Empirical Modeling for Glucose Control in Critical Care and Diabetes

Empirical Volterra series models of glucose–insulin behavior were identified from input–output data provided by a physiologically-based nonlinear patient model. While completely identified nonlinear Volterra models provided accurate output prediction, clinical data limitations constrained the structure of the Volterra series to linear plus nonlinear diagonal coefficients. In the absence of measurement noise, the ability of this structurally constrained model to capture process dynamics was very good. The addition of Gaussian distributed measurement noise, having variance 10 mg2/dL2, significantly degraded coefficient estimates, but projection onto the Laguerre basis (with subsequent expansion to the Volterra space for analysis) provided excellent noise-filtering and model predictions requiring only 164 measurements to identify 121 Volterra coefficients.
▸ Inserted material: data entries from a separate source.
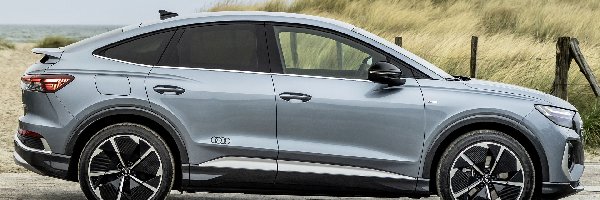 Bok, Audi Q4 Sportback e-Tron
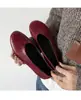 Chuyuji Estilo Simples Bico Redondo Raso Plano Sapatos de Salto Baixo para Mulheres, Sapatos Pequenos de Couro, Novos Sapatos Mary Jane 2026
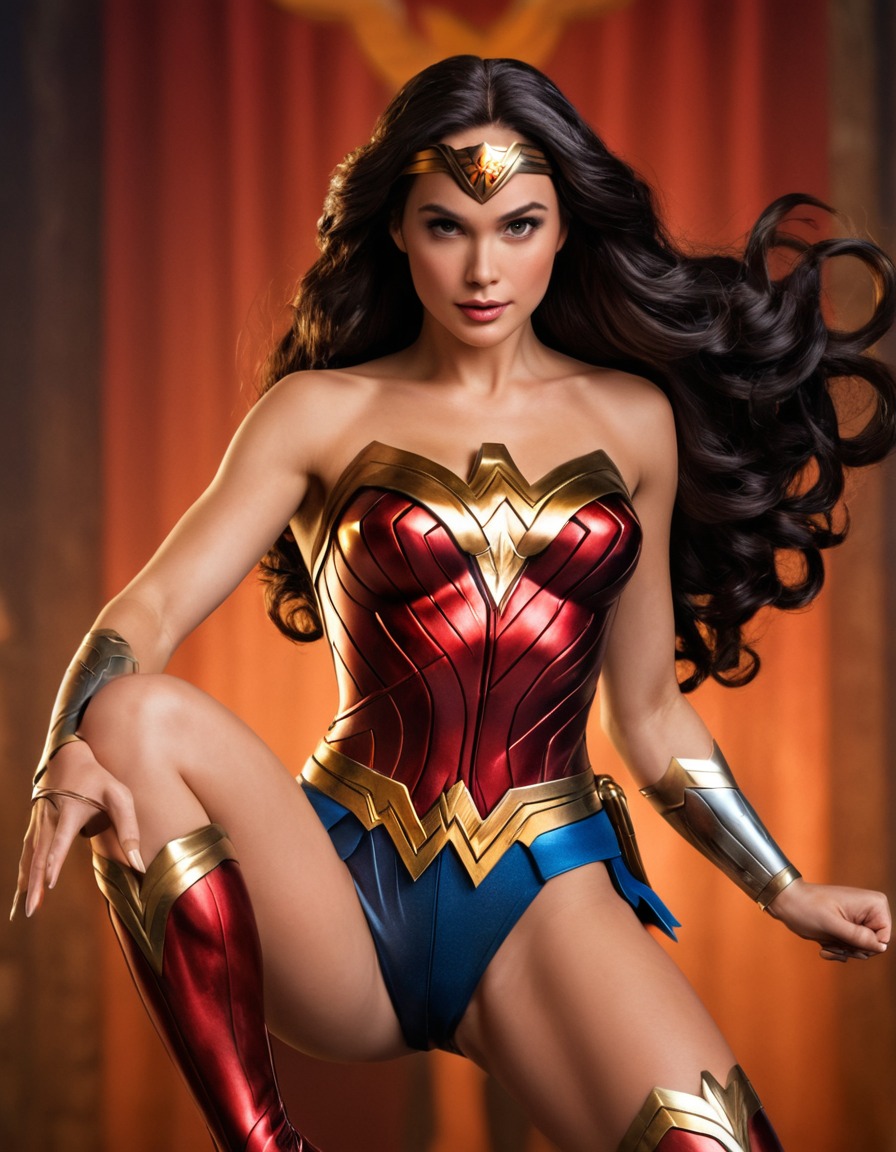 wonder woman, dc comics, superhero, gal gadot, amazonian, feminist, beauty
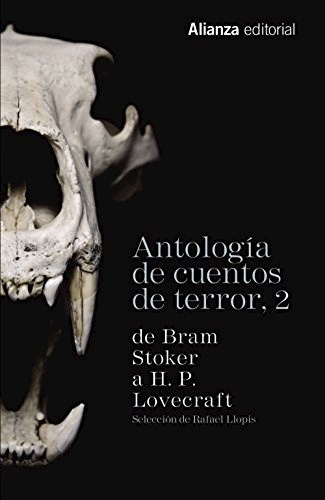 Papel Antologia De Cuentos De Terror, 2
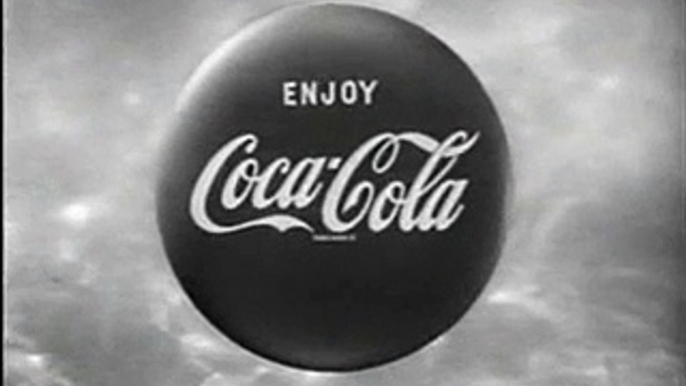 1961 Coca Cola TV commercial - Ozzie and Harriet Nelson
Linear and nonlinear model predictive control algorithms were developed from the identified Volterra models. In the absence of measurement noise, nonlinear control algorithms provided mild performance enhancement in rejecting a 50 g glucose challenge. With the addition of measurement noise matching the above noise characteristics, the benefits of nonlinear control were lost. The superiority of the nonlinear empirical model to capture open-loop data did not translate into closed-loop performance enhancement in the presence of measurement noise. Linear model predictive control, with the ability to filter noise effects by proper tuning, provided the best combination of performance and robustness to uncertainty (both measurement and model) in this nonlinear case study.